December 16, 2012 By: nancy a heitzeg Category: Anti-Racism, Civil Rights, Criminal Injustice Series, Education, Intersectionality

Criminal InJustice is a weekly series devoted to taking action against inequities in the U.S. criminal justice system. Nancy A. Heitzeg, Professor of Sociology and Race/Ethnicity, is the Editor of CI. Criminal Injustice is published every Wednesday at 6 pm.

Of Guns and Bitter
by nancy a heitzeg

“As a country, we have been through this too many times. Whether it’s an elementary school in Newtown, or a shopping mall in Oregon, or a temple in Wisconsin, or a movie theater in Aurora, or a street corner in Chicago — these neighborhoods are our neighborhoods, and these children are our children. And we’re going to have to come together and take meaningful action to prevent more tragedies like this, regardless of the politics.”
~ Statement from The President on School Shooting in Newtown, Connecticut

In the face of yet another unspeakable tragedy - 28 Dead, 20 of them small children -  attention turns yet again to the ubiquity and ready availability of guns. There are more 300 million guns in private hands here — one for nearly every man woman and child in the United States. Since the 2004 expiration of the Violent Crime Control and Law Enforcement Act of 1994, some of these legally owned guns include semi-automatic assault weapons such as the AR-15.
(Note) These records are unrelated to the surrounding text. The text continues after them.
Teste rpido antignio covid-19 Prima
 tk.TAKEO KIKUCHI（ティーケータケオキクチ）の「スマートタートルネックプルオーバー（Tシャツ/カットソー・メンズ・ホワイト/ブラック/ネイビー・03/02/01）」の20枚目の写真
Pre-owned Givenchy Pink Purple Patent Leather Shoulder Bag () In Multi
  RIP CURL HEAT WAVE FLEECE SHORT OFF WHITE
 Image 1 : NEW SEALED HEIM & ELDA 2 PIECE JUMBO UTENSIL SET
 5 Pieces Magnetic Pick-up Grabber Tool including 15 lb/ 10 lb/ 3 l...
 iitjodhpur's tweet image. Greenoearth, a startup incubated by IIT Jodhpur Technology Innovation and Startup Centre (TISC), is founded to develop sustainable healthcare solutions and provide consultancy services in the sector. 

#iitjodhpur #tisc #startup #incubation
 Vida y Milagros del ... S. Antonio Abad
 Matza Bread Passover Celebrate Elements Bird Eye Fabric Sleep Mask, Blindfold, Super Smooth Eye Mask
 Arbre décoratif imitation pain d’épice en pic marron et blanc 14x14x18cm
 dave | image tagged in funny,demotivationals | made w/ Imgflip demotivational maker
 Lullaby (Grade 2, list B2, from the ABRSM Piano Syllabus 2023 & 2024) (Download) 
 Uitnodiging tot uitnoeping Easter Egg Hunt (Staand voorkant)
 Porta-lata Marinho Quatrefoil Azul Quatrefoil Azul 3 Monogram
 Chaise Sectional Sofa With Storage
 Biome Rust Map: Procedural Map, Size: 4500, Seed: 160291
In addition, these guns are more freely assessable due to a plethora of NRA/ALEC driven lax gun laws — some 99 reduced restrictions on permits, training, buying/selling, conceal and carry in the past three years alone. Their unfettered use is also increasingly supported by law; as detailed in CI last week, Stand Your Ground/Shoot First legislation allows shooters in 25 states to claim self-defense under situations that were once simply plain murder.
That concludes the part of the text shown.